The futility was stifling. Boggs and Smith could never inspect the body. They couldn’t investigate the crime scene, even if they could find it. They had no authority to question witnesses. Even if they tried anyway, they would only be able to question the Negro witnesses—if there were any, and only if those witnesses were brave enough to talk to them. And why should they be? Boggs and Smith could offer them nothing: not protection, not justice. The only thing they might possibly offer was the remote chance of a future in which such events would not recur, though this, too, seemed so unlikely as to be absurd.
Jimmy leaned forward then, elbows on knees, and sunk his head into his hands. The sound of his weeping was like a glimpse into a world Boggs never wanted to go anywhere near.
Smith stepped out onto the porch. He needed air. He needed to be farther away from this family and their pain. He needed to think.

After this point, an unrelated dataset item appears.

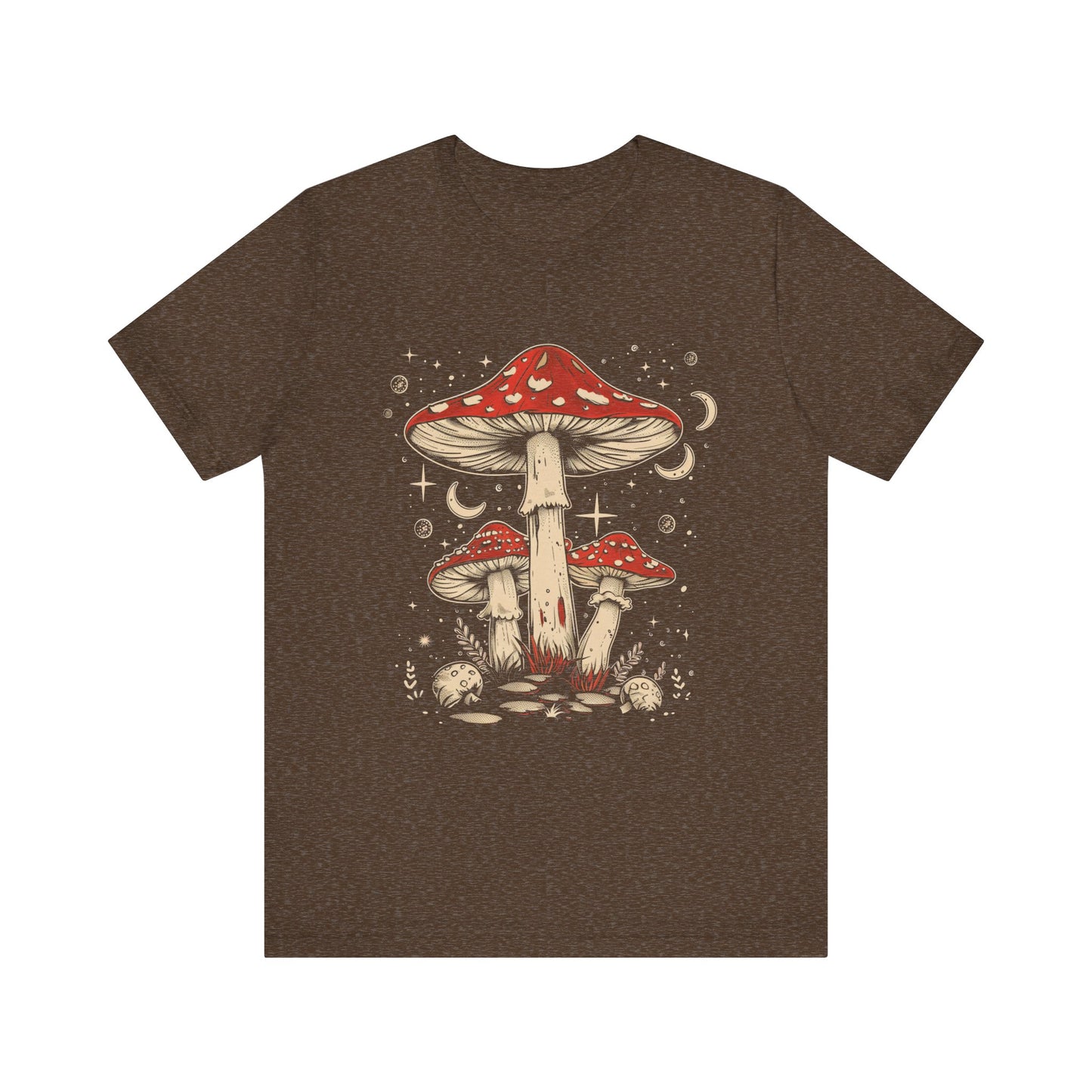 Mushroom Boho T-Shirt, Hippie Nature Tee, Retro Botanical Shirt, Woodland Fungi Top, Earthy Bohemian Clothes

He put on his sunglasses and gazed out at the front lawn, trying to imagine life out here. The town he’d been born in couldn’t be so different from this. If his father hadn’t been killed, perhaps Smith would call a place like this home. Maybe he’d be a blacksmith or a carpenter, hammering nails in the roof of a farmhouse as sweat poured from his body. Maybe a lawn like this would be his most prized possession, if he was lucky enough to own one.
Cobwebs clung in the corners of the porch beneath the awning, tiny insect caskets suspended there. Dirt dauber nests dotted the front of the house.
One of the hounds had followed Smith out and it approached him silently, the creature so tall its head was level with Smith’s belt buckle. Its tongue was hanging out and it was panting loudly. Smith placed a hand on its head and stroked it slowly, unable to muster the kind of assurances a dog might want to hear.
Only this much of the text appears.